Hi everyone. I'm new to this site so be gentle. Haha. I'm looking for some help as I am not sure who else to talk to aside from CIC and I have asked them but I'd like another opinion where it is available.

I am travelling to marry my fiancee in Australia come November this year. She is not Australian but her relatives are there. She is on a bridging right now and waiting to get a carer visa to take care of her grandmother. 

But carer visa is a long and unforgiving process and although I'd love to move to Australia, I think that being with her is more important right now...anyway I can move in a few years as a lateral transfer with the Australian military. Her family approves of the decision and its just a matter of finding the right process for our situation.

I have a good permanent job with the federal government and currently in the process of joining the army reserves as an officer so supporting them (my fiancee and our kid) won't be an issue. Money is also set aside for any visa application. But I'd like to bring them home with me when I return to Canada as I'd hate to leave them there in sydney bouncing around between relatives. At least here, I can look after them and ensure my peace of mind as well. 

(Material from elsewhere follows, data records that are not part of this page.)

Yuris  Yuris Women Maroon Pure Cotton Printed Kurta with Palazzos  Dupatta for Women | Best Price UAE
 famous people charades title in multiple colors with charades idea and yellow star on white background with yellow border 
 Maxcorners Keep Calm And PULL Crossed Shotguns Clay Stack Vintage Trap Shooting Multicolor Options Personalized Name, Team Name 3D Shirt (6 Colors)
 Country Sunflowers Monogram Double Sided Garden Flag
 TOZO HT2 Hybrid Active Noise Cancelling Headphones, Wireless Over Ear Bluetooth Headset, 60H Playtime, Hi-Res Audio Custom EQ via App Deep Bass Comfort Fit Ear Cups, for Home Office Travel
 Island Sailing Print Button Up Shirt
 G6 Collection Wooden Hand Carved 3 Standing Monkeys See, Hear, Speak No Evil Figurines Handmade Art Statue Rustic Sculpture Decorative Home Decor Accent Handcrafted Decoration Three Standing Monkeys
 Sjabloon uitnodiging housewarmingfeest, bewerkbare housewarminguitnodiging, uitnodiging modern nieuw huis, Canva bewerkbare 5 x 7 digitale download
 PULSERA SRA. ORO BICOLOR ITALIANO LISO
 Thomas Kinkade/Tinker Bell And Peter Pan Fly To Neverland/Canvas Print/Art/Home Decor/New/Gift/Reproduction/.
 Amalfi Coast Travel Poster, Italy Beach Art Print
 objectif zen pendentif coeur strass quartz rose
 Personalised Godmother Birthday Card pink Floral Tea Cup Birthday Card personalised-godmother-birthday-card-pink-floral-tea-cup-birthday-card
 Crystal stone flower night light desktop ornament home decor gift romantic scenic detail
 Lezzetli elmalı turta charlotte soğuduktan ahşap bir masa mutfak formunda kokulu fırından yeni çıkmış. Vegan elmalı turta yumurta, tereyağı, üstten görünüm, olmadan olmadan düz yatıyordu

The plan is after visiting Sydney, we travel home to the Philippines to see both parents before finally heading to Nova Scotia. But on what visa? Can anyone give me any advise? Thanks in advance.


----------



## Seiyusfort (May 22, 2011)

Anyone?


----------



## Oggy (Jan 25, 2009)

I can't offer advice, but this link from the CIC website might give you some guidance regarding Family Class applications ...

Immigrating to Canada: Sponsoring your family


----------